⟨

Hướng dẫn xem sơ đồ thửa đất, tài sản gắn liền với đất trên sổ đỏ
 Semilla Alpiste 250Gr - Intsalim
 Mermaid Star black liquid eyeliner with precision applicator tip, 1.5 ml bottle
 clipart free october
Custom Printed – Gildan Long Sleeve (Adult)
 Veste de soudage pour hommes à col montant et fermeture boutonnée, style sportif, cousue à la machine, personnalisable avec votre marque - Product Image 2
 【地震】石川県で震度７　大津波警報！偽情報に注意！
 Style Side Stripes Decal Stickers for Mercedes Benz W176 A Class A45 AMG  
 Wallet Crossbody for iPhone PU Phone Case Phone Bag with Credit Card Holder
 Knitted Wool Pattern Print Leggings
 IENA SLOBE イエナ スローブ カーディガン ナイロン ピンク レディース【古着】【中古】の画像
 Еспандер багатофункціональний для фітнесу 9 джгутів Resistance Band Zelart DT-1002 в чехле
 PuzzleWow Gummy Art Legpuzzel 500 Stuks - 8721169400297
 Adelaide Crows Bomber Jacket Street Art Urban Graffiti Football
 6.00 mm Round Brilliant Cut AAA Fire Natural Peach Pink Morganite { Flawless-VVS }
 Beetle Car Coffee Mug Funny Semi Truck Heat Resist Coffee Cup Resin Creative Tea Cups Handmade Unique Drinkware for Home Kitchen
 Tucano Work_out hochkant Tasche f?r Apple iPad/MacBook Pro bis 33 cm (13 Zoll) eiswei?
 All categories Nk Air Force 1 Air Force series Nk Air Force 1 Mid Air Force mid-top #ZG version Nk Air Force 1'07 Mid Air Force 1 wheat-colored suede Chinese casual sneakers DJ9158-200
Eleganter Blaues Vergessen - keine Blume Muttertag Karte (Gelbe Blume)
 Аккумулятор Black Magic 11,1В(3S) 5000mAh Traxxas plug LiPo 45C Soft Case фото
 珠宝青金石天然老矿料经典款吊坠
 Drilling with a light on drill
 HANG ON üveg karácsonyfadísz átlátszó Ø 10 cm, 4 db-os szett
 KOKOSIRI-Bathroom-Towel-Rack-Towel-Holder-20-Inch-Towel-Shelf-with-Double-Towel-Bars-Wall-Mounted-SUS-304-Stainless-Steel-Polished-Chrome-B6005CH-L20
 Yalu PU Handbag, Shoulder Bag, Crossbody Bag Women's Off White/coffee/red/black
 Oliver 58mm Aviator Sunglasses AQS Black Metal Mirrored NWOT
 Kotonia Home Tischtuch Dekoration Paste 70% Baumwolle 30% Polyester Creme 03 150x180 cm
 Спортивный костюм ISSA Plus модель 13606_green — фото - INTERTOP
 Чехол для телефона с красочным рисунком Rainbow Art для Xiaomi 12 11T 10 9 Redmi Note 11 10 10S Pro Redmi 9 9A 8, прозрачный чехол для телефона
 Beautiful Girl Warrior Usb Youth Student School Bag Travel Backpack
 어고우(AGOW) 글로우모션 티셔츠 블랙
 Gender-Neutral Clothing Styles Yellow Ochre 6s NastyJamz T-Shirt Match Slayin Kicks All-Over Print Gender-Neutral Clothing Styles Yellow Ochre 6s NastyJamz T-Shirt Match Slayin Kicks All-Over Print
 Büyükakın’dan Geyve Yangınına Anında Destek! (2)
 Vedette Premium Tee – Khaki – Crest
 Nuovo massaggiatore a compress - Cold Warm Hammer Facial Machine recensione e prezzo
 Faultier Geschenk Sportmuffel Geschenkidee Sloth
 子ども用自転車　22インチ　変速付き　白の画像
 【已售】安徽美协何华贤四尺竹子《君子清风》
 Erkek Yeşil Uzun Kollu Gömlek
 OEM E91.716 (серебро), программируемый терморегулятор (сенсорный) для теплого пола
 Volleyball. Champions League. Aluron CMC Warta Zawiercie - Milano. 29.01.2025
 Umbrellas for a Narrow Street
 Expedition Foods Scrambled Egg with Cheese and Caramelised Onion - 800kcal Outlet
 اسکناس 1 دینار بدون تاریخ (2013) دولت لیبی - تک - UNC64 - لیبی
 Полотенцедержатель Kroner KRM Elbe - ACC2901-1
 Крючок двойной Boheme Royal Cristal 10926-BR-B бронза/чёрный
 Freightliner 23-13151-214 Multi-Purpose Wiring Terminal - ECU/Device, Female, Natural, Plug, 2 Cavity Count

⟩

▸ Task instructions
Check each line of the material for "Natural". Copy the ones that have it.

▸ Task output
 6.00 mm Round Brilliant Cut AAA Fire Natural Peach Pink Morganite { Flawless-VVS }
 Freightliner 23-13151-214 Multi-Purpose Wiring Terminal - ECU/Device, Female, Natural, Plug, 2 Cavity Count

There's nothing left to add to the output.